Description
Although best known for his development of the carte-de-visite photograph which immortalized many a Parisian, Disdéri's photographic career began around 1850 in a daguerrian studio in Brest. Beset with financial problems, he left his studio, wife, and family and moved to Nîmes in December 1852 or January 1853 where he learned the wet collodion-on-glass and wax paper negative processes. The oval vignette cropping and picturesque approach to the posed, but seemingly spontaneous, arrangement of figures and animals engaged in an outdoor activity in Village Scene is typical of the work Disdéri produced in Nîmes in 1853, for he abandoned the wax paper negative soon after learning it.
André-Adolphe-Eugène Disdéri
André-Adolphe-Eugène Disdéri French, 1819-1889
Disdéri is best known as a portraitist and popularizer of the carte-de-visite.
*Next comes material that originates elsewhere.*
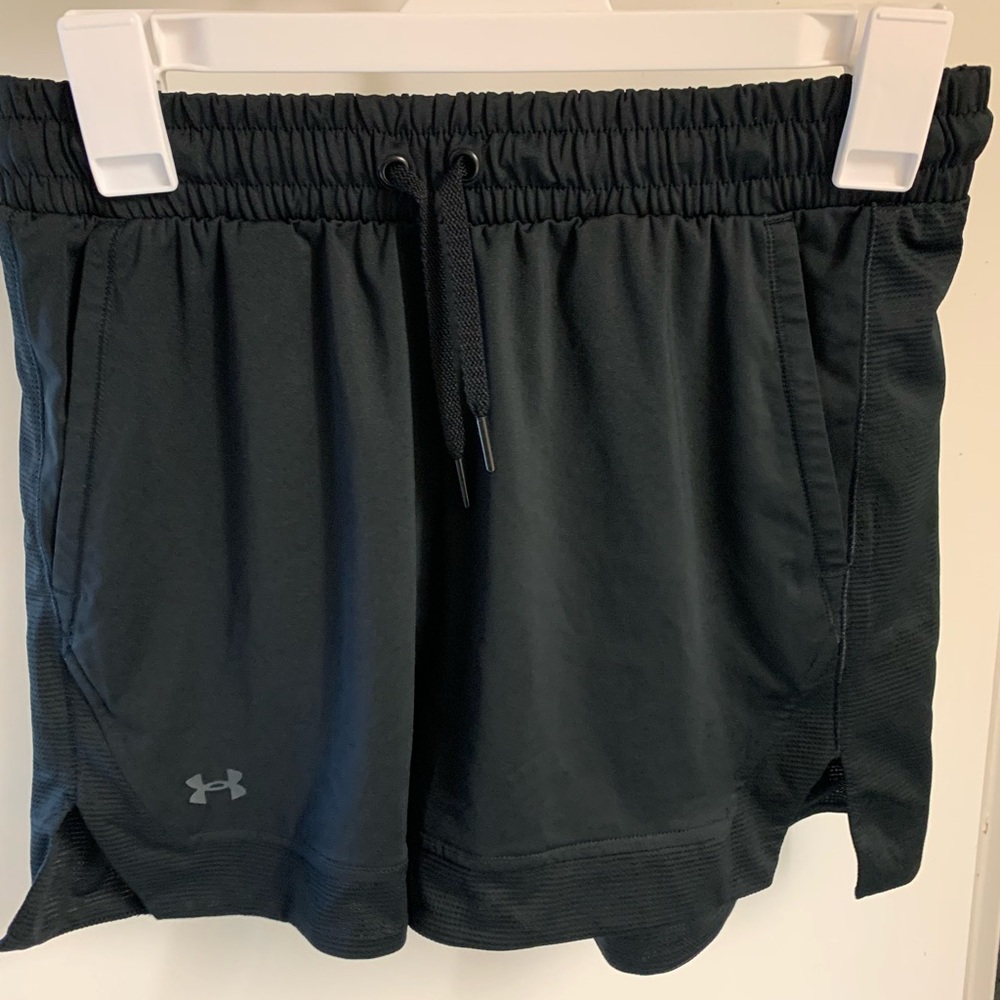 Women UNDER ARMOUR running shorts. NEW!! Size:XS. Color: Black.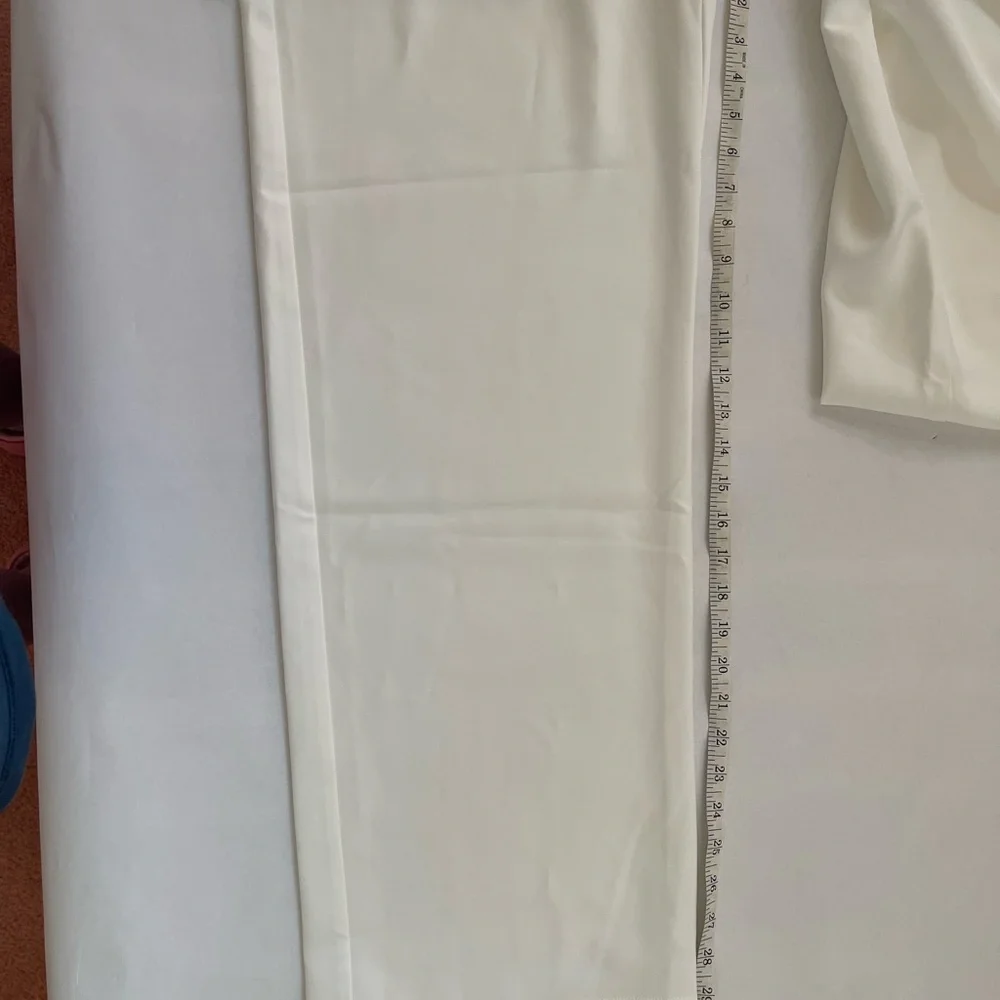 The Commense White Wide Leg Pants with Flowing Relaxed Fit size large - Picture 11 of 11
He spent 10 years as a painter and working in the theater, and another five in the clothing business, before becoming seriously interested in photography around age 30. He first operated studios in Brest and Nîmes, then moved to Paris and opened a studio in 1854, and a second in 1863. In 1854 Disdéri patented the carte-de-visite, a method of producing a number of small images on a single negative that achieved great popularity. He later opened additional studios in London, Madrid, and Toulon.
Disdéri was one of the best known portrait photographers of his day, with many important commissions and sitters. Like Mathew Brady, he was an innovator and entrepreneur as well as an artist. The carte-de-visite, which he did not invent, but rather adapted, helped photography to become increasingly versatile as a medium and available to people of all means. In 1879 Disdéri sold his business and moved to Nice. Despite his success, he died 10 years later in Paris in poverty, obscurity, and poor health. T.W.F.